For some time, Cuba's Premier Fidel Castro has been sending out signals indicating that he would welcome a policy change. As long as two years ago, he promised to begin arresting skyjackers who sought asylum in Cuba. In June he quietly expelled three skyjackers and let the U.S. know they could be picked up in San Juan, Puerto Rico. He returned $2 million in ransom money that had been taken to Cuba in 1972 by the skyjackers of a Southern Airways DC-9. He also toned down the anti-American rhetoric on Cuban radio concerning the U.S. naval base at Guantanamo.

Perhaps most important, Castro gradually convinced the U.S. that Cuba was no longer "exporting revolution" to the hemisphere. When Senator George McGovern visited Cuba last May, Castro discussed the 1962 missile crisis with him. "I was furious when Khrushchev compromised," Castro said. "But I realize in retrospect that he reached the proper settlement with Kennedy.

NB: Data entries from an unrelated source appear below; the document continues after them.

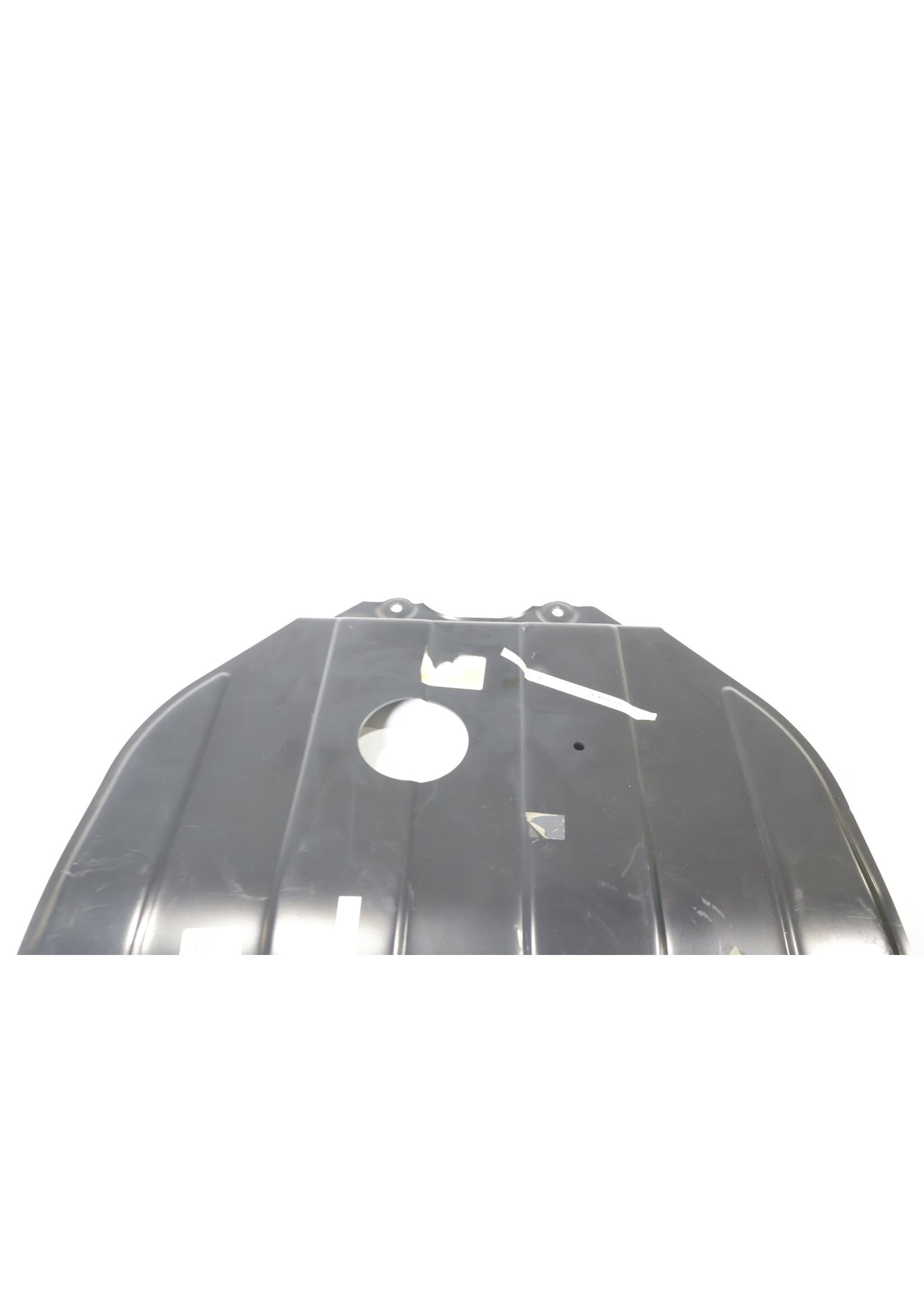 BMW BMW E39 5 Series OEM Front undercarriage protection plate NEW! 51718191952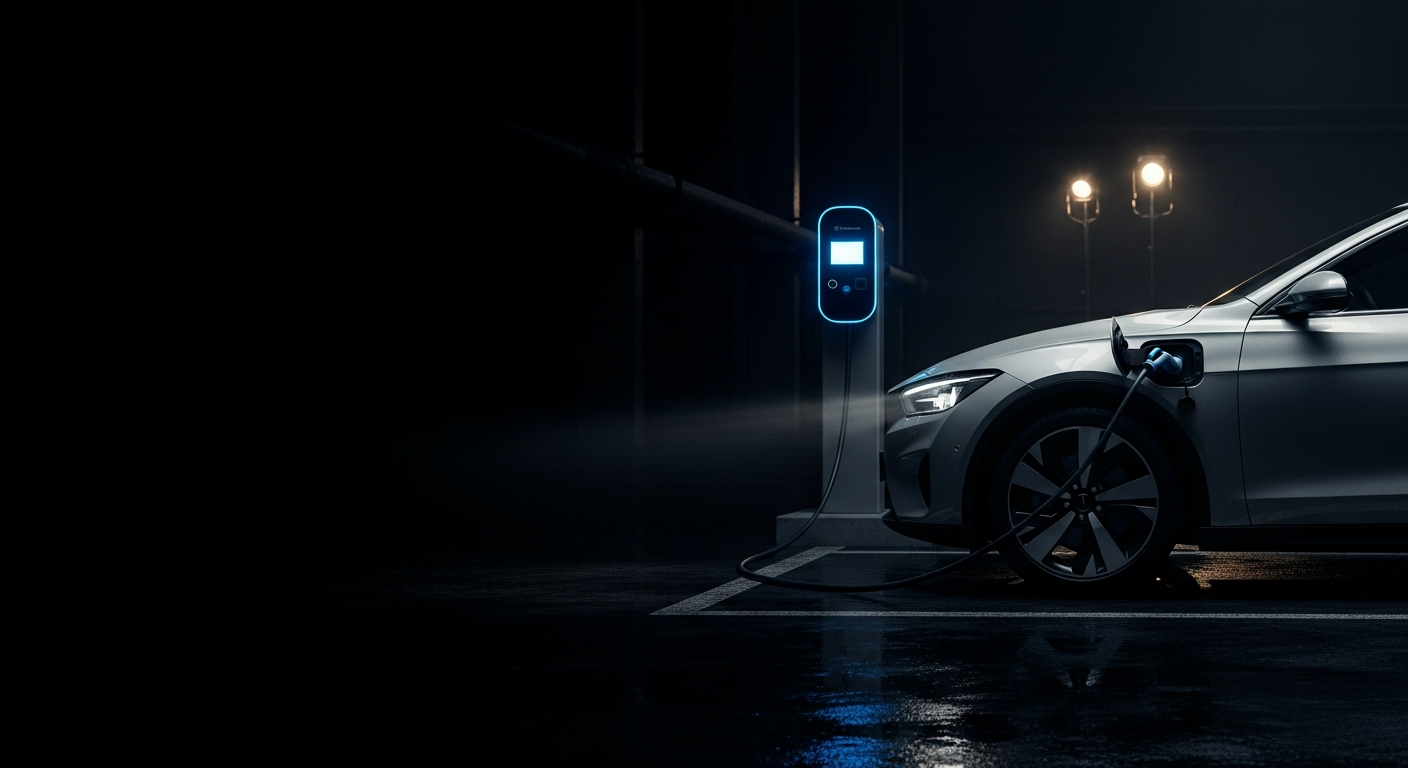 Electric vehicle charging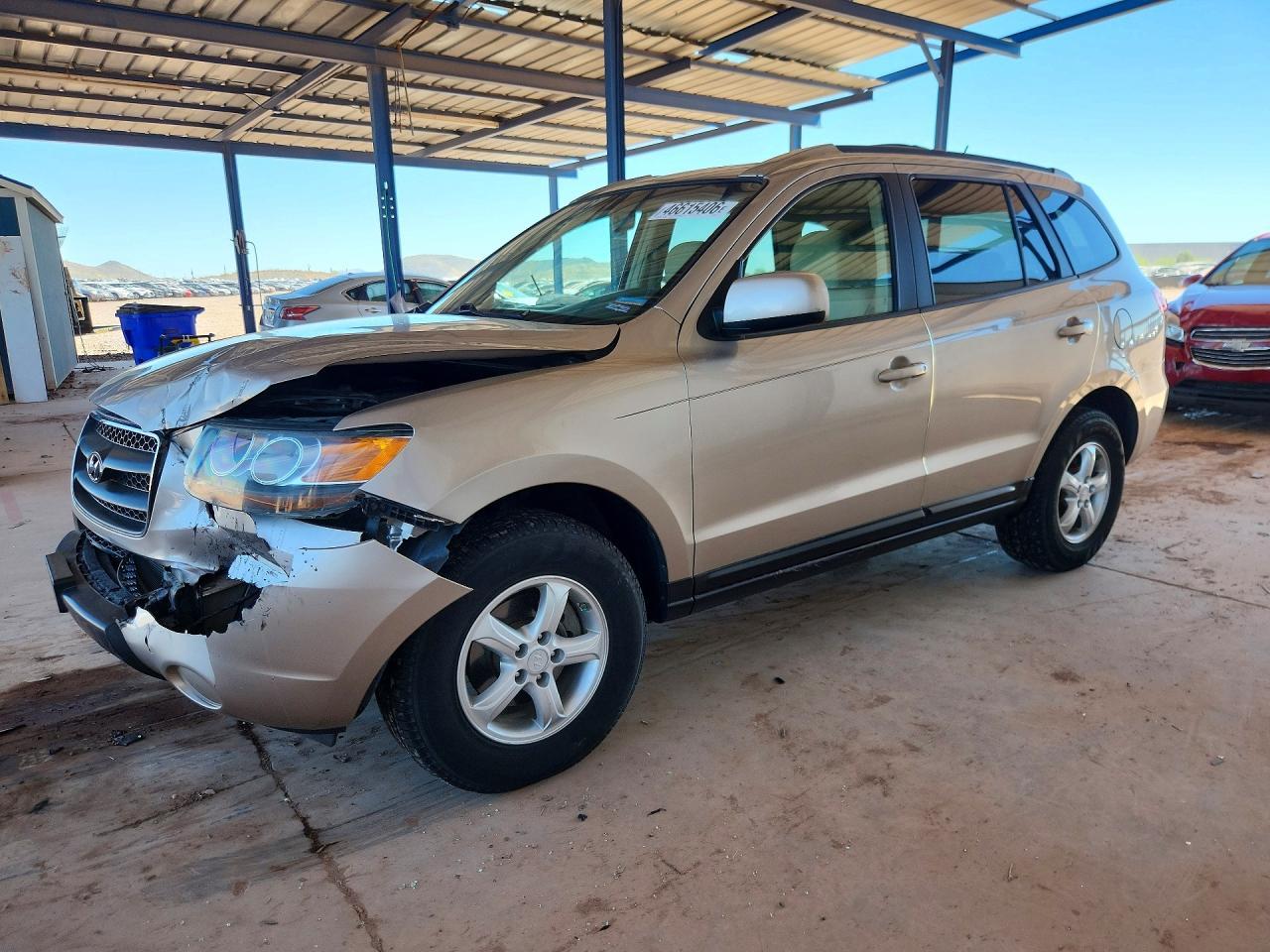 2007 Hyundai Santa Fe Gls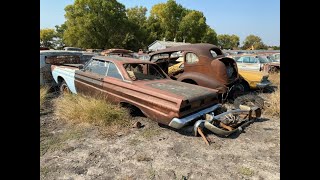 Tonight lets look at a 1964 Mercury Comet 2 dr, was it an old gasser? A 1935 Olds & a 1973 Maverick!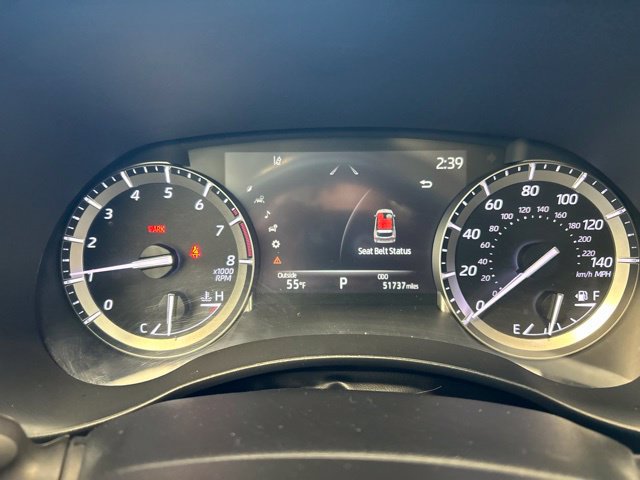 Used 2022 Toyota Highlander XLE AWD/4WD image 23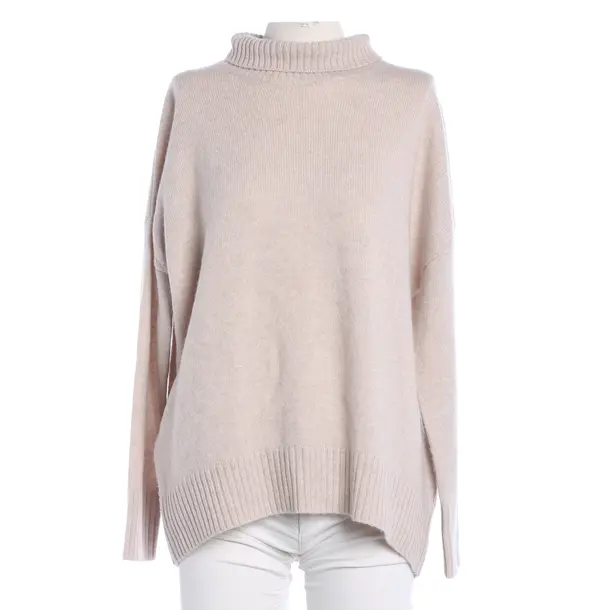 Kaschmirpullover, in Beige, Kaschmir, Mrs & Hugs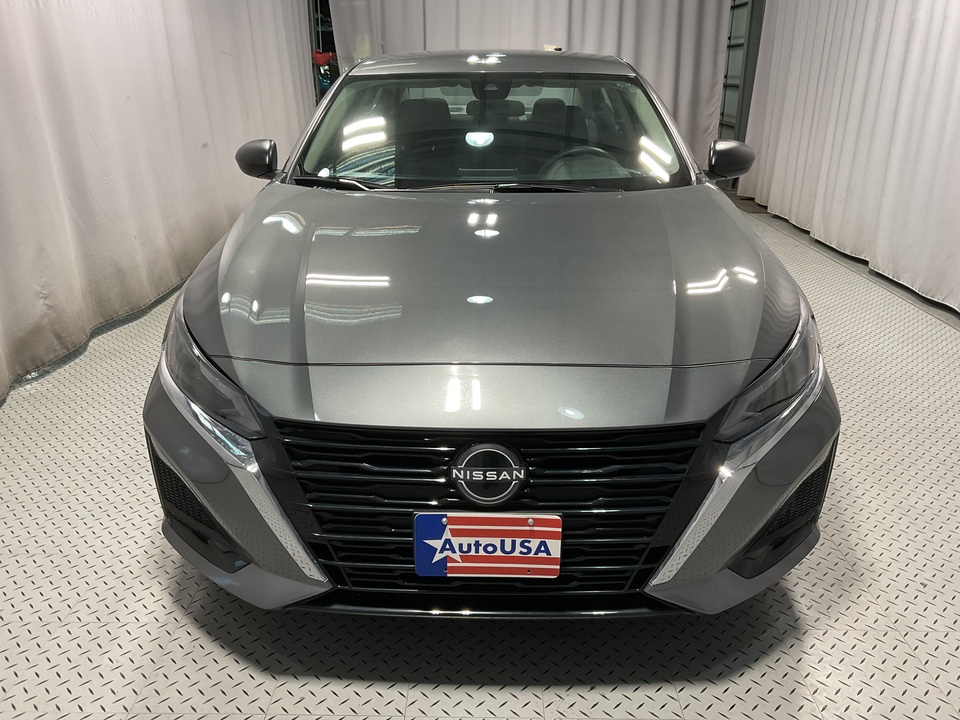 2024 Nissan Altima 2.5 S
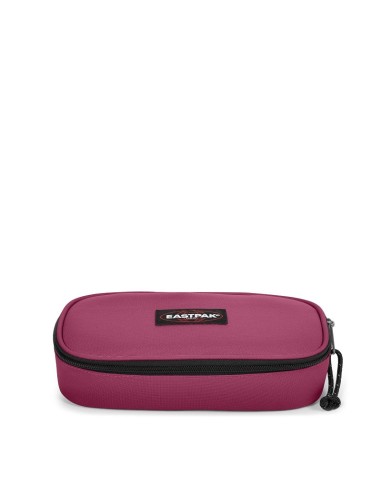 ASTUCCIO OVAL SINGLE EASTPAK - WINE BURGUNDY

If my position had prevailed, there would have been a terrible war. I was wrong."

Purely Pragmatic. Last year the U.S. reluctantly agreed to permit the shipment to Cuba of some $80 million worth of automobiles manufactured by General Motors, Ford and Chrysler in their Argentine subsidiaries. That decision, however, was purely pragmatic. The Buenos Aires government had warned that if such permission were denied, Argentina would expropriate the U.S.-owned production lines. Last week's action--taken only three days before the foreign ministers of the world's nonaligned nations were due to begin a conference in Lima--merely extended the previous ruling to cover all U.S. firms with foreign subsidiaries.

Secretary of State Henry Kissinger still maintains that a full resumption of U.S. trade and diplomatic relations with Cuba would be "premature." But as the vice president of the Cuban Agrarian Reform Institute, Solano Pinera, told McGovern: "Don't forget, we need about $3 billion in equipment for our new [farm development] program, and we're ready to buy." With that kind of money piled up only 90 miles off Key West, U.S. businessmen are already putting pressure on Washington.